El combo menor de 30 años es, por cierto, mayoría en la empresa. No hay uno solo que haya ingresado simultáneamente o antes de Alba. Eso no había sido problema para una agradable convivencia hasta que ella empezó a percatarse o, mejor, a sentir eso que llaman mala vibra en el ambiente.
Comenzó con el saludo. Ella siempre es la primera en llegar a la oficina. Prácticamente todo el mundo le da los buenos días. Eso no cambió. Tampoco las palabras ni la frecuencia... Pero había algo en el tono. O mejor, en el tonito. Del genuino interés se pasó a sentir una mera y casi que forzada cortesía. ¿O se lo estaba imaginando? Luego vino esa extraña sensación de ser el tema de diálogos ajenas. El silencio repentino cuando llegaba al grupo que conversaba. Los cuchicheos a la distancia donde por alguna razón se sentía observada e incluso señalada. ¿O se lo estaba imaginando?
La situación llegó a algún punto entre exclusión social, me estoy inventando pendejadas y un cuadro psiquiátrico de paranoia. Una cuarta opción fue el consejo de una amiga (con prejuicio incluido). “Esos jóvenes de ahora se ofenden por todo. ¿Será que usted hizo o dijo algo que los incomodó? Piense a ver”.

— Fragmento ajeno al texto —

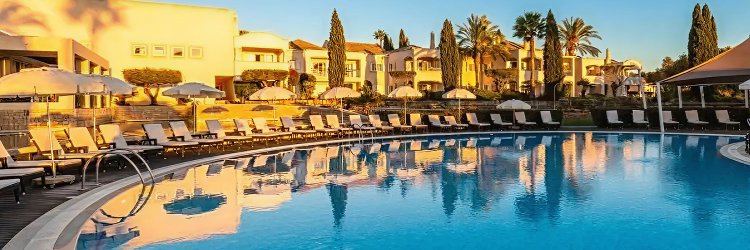 Vale d'Oliveiras Quinta Resort & Spa 5 in Algarve - Kids stay for FREE!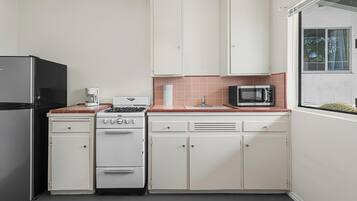 Deluxe Double Room, Courtyard View | Private kitchen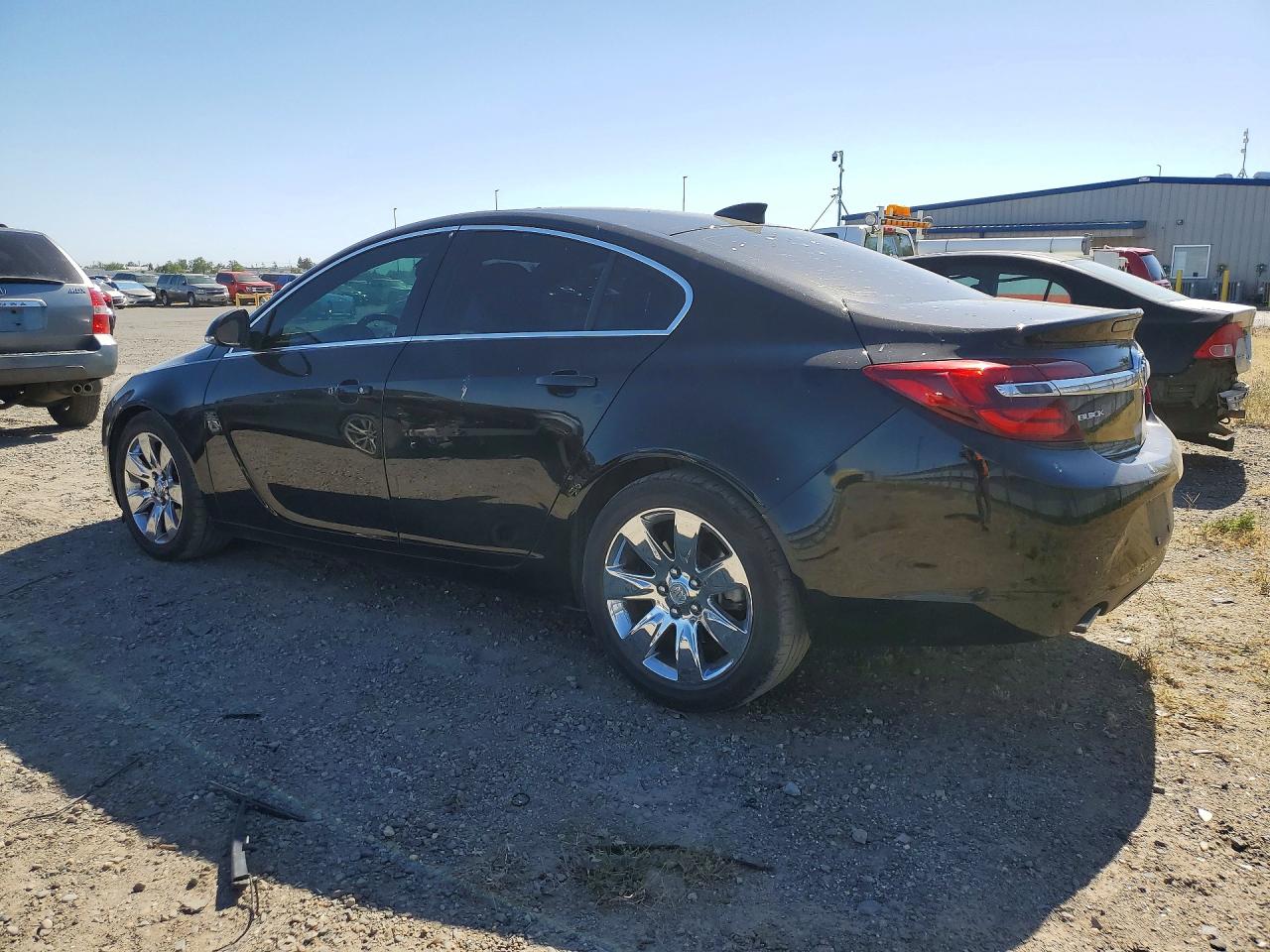 2015 Buick Regal VIN 2G4GK5EX4F9263355 photo 2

En principio, la alternativa no convenció del todo a nuestra protagonista. Pero un día llegó a trabajar y el resto de la gente... no llegó. Aparecieron mucho después. Muy cortésmente le explicaron que, la noche anterior, habían organizado un encuentro en otro lugar para festejar algo. Y sí, la habían llamado.
Verificó en su teléfono. Efectivamente aparecía la comunicación, poco antes de la medianoche, cuando Alba normalmente llevaba de dos a tres horas dormida. La reunión se coordinó por un grupo de mensajería electrónica. Ella todavía no estaba incluida, pero eso lo iban a solucionar de inmediato. Lo utilizaban (el grupo) para tratar temas tanto laborales como sociales, sobre todo en altas horas de la noche.
Esas palabras dispararon la epifanía. ¡Claro. Eso es! Semanas antes, durante un receso laboral alrededor del café, las y los jóvenes contertulios se despacharon contra lo que ellos calificaban de anacrónica costumbre. Madrugar. Citaron investigaciones que relacionaban incrementos en la productividad y la eficiencia con aplazamientos en la hora de inicio de la jornada laboral. Mencionaron un proyecto de ley para que los colegios comenzaran sus actividades más tarde. Alguno criticó una cultura que romantiza levantarse al amanecer, en detrimento de acostarse tarde y dormir hasta ídem, sin ninguna base científica.
Cuando a Alba le preguntaron su opinión, ella hizo algo que en tiempos actuales es un comportamiento de alto riesgo: dijo lo que pensaba. Habló de un hábito madrugador inculcado desde la infancia. De productividad ligada a trabajar con la mente recién levantada y del ambiente silencioso y tranquilo que ofrece el amanecer. De la resiliencia de los niños. De que no todos funcionan igual en los mismos horarios.
Incluso intentó hacer un chiste con su nombre, Alba, porque el alba era su mejor momento. El chiste no salió bien y sus comentarios tampoco. Y aunque nadie le cuestionó su punto de vista, se formaron dos bandos. Los levanta tarde y la madrugadora. Esa que, al no encajar en el pensamiento mayoritario, está siendo sutilmente dejada de lado.
Ahora es Alba, la excluida ¿O se lo estará imaginando?